### REQUIREMENT
Your output should be the records below, word for word and picture-free.

━━━━━ DATA SECTION

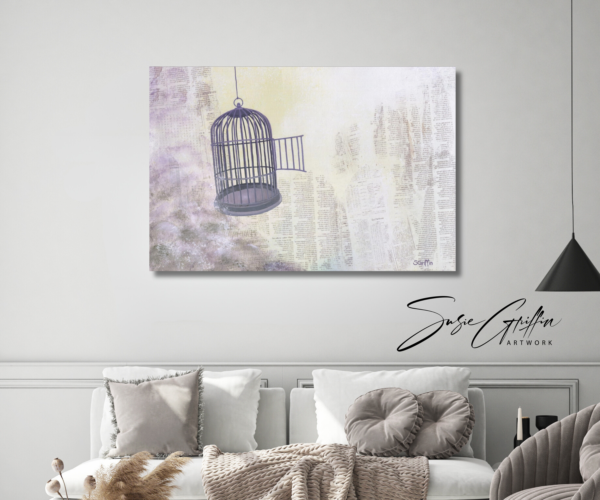 Fly - Birdcage Canvas Reproduction - Image 9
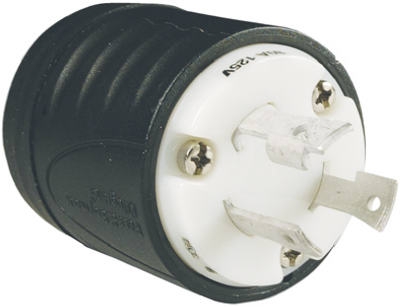 30A 125V Locking Plug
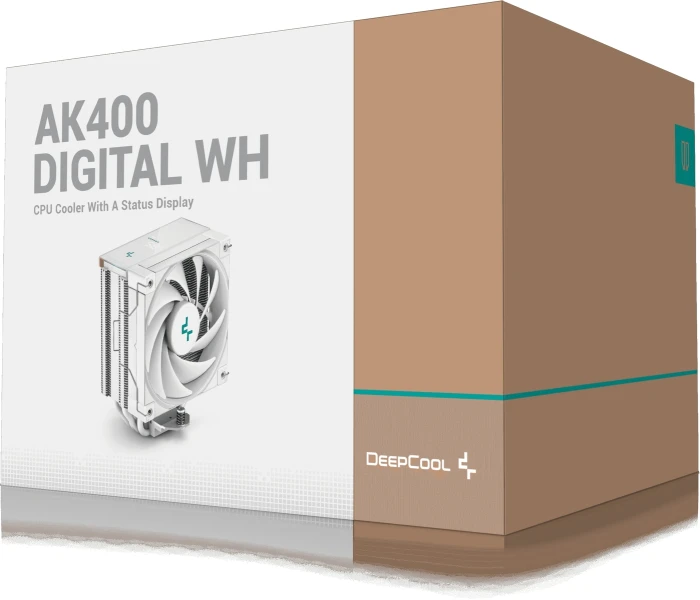 DeepCool AK400 Digital White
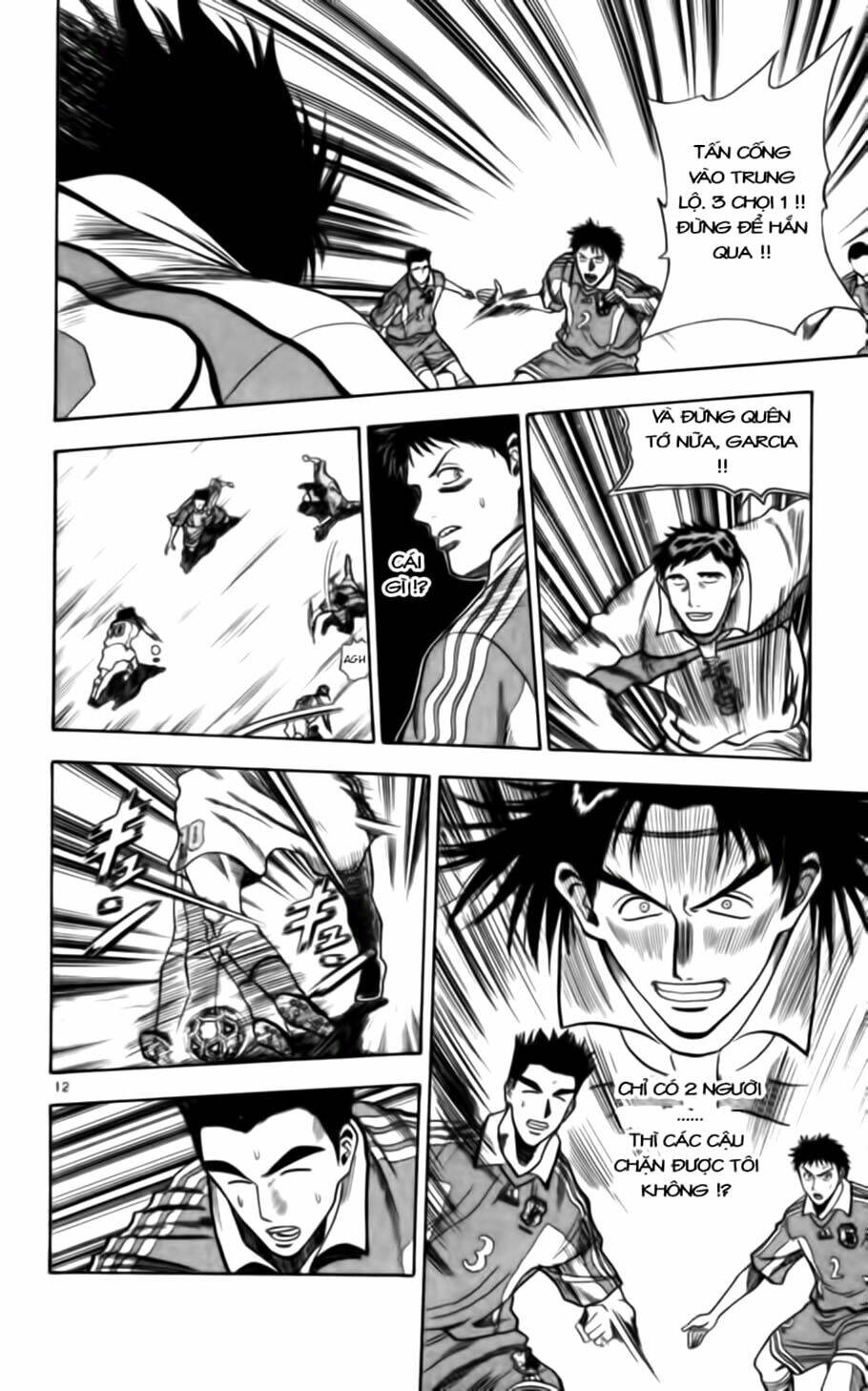 Vũ Điệu Trên Sân Cỏ – Fantasista Chapter 62 - Trang 2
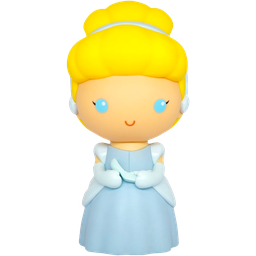 [MON86343] Disney Princess - Cinderella Figural Bank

━━━━━━━━━━

### SOLVED PROBLEM
 Fly - Birdcage Canvas Reproduction - Image 9
 30A 125V Locking Plug
 DeepCool AK400 Digital White
 Vũ Điệu Trên Sân Cỏ – Fantasista Chapter 62 - Trang 2
 [MON86343] Disney Princess - Cinderella Figural Bank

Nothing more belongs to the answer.